İniş Sırası: 84 • Mushaf Sırası: 30 • Mekki Sure • 60 Ayettir

Kovulmuş şeytandan Allah'a sığınırım.


12. Kıyamet saati geldiğinde suçluların umutları bitecektir.

13. Allah’a ortak saydıkları arasından bir şefaatçileri de olmayacaktır. Zaten ortak saydıklarını tanımazlıktan geleceklerdir.

14. Kıyamet saati geldiği gün, birbirlerinden[*] ayrılacakları gündür.

[*] Bakınız Tevkvir 81/4. Meâric 70/10-14, Müminûn 23/101

Medeni Sureler

BAKARA SURESİ

İniş Sırası: 87 • Mushaf Sırası: 2 • Medeni Sure • 286 Ayettir

Kovulmuş şeytandan Allah'a sığınırım.


48. Öyle bir günden çekinip korunun ki o gün kimse kimsenin yerine bedel ödemeyecek, kimseden şefaat[*] kabul edilmeyecek, kimseden tazminat alınmayacak ve kimseye yardım edilmeyecektir.

[*] Şefaat, birinin eşlik etmesini istemek, eşlik etmek veya arka çıkmaktır. (El-Ayn, Müfredât). Ayet, mahşer günü kimseye şefaat edilmeyeceğini açıkça bildirmektedir. Dünyada insanlar birine destek olabilirler. “İyi bir işe destek veren ondan bir pay alır; kötü bir işe destek veren de ondan dolayı bir sorumluluk üstlenir.” (Nisa 4/85) Cennete gitmiş biri, şirk günahı ile değil de diğer günahlarından dolayı cehennemde olan bir yakınını yanına isteyebilir. “Günahkarları, suya koşarcasına cehenneme sevk edeceğiz. Rahman’dan söz almış olanlar dışında kimse şefaate (birinden destek alma hakkına) sahip olamayacaktır.” (Meryem 19/86-87) İster dünyada ister cehenneme gitmiş biri için olsun, şefaat ancak Allah’ın onayıyla olabilir.

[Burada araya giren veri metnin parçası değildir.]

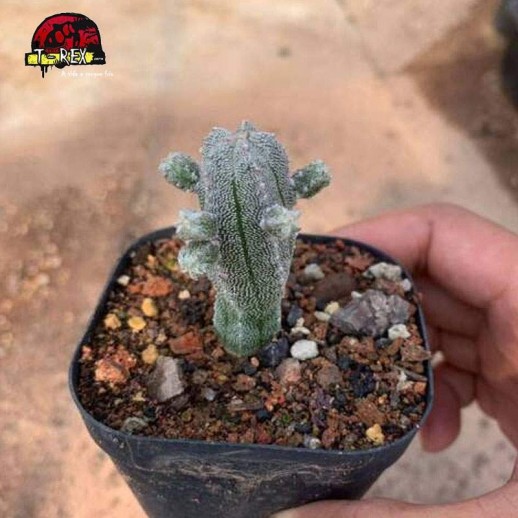 aonde comprar cacto raro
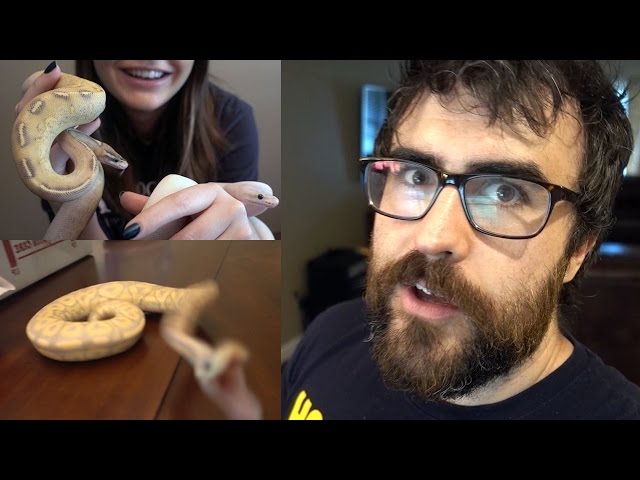 NEW BABY SNAKES! Ball Python Unboxing | Family Vlog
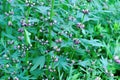 Motherwort plants in field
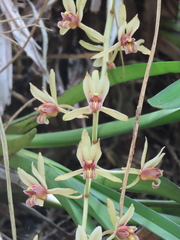 (c) P Jeganathan, some rights reserved (CC BY) Cymbidium aloifolium, photograph (c) P Jeganathan, some rights reserved (CC BY)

123. Öyle bir günden çekinip korunun ki o gün kimse kimsenin yerine ceza çekmeyecek, kimseden tazminat kabul edilmeyecek, şefaatin kimseye faydası olmayacak[*] ve kimseye yardım edilmeyecektir.

[*] Şefaat, birinin eşlik etmesini istemek, eşlik etmek veya arka çıkmaktır (el-Ayn, Müfredât).


254. Müminler! Size rızık olarak ne vermişsek, ondan hayra harcayın. Bunu; alışverişin, dostluğun ve şefaatin olmayacağı gün gelmeden yapın. Bunları görmemekte direnenler yanlışlar içindedirler.

255. O, Allah’tır. O’ndan başka ilah yoktur. Diridir, sürekli işinin başındadır. O’nu ne uyuklama tutar ne de uyku! Göklerde ve yerde olan her şey O’nundur. O’nun izni olmadan huzurunda şefaati (birinin yanında olmayı) kim göze alabilir?[1*] Onların şu anda yapmakta olduklarını da geçmişte yaptıklarını da O bilir. Onlar, O’nun bilgisinden izin verdiği kadarı dışında bir şey kavrayamazlar. Hâkimiyeti, gökleri de kapsar yeri de. Bu ikisini korumak O’na ağır gelmez. O yücedir, büyüktür.[2*]

[1*] Şefaat, birinin eşlik etmesini istemek, eşlik etmek veya arka çıkmaktır (el-Ayn, Müfredât).

[2*] Bu âyet vahdet-i vücudu reddetmektedir; çünkü vahdet-i vücuda göre Allah’tan başka varlık yoktur, varlık diye bilinenler onun gölgesidir. Onlara göre gölge de yoktur. Oysa "Göklerde ve yerde olan her şey O’nundur." ifadesi Allah dışındaki varlıkların gerçek olduğunu bildirmektedir.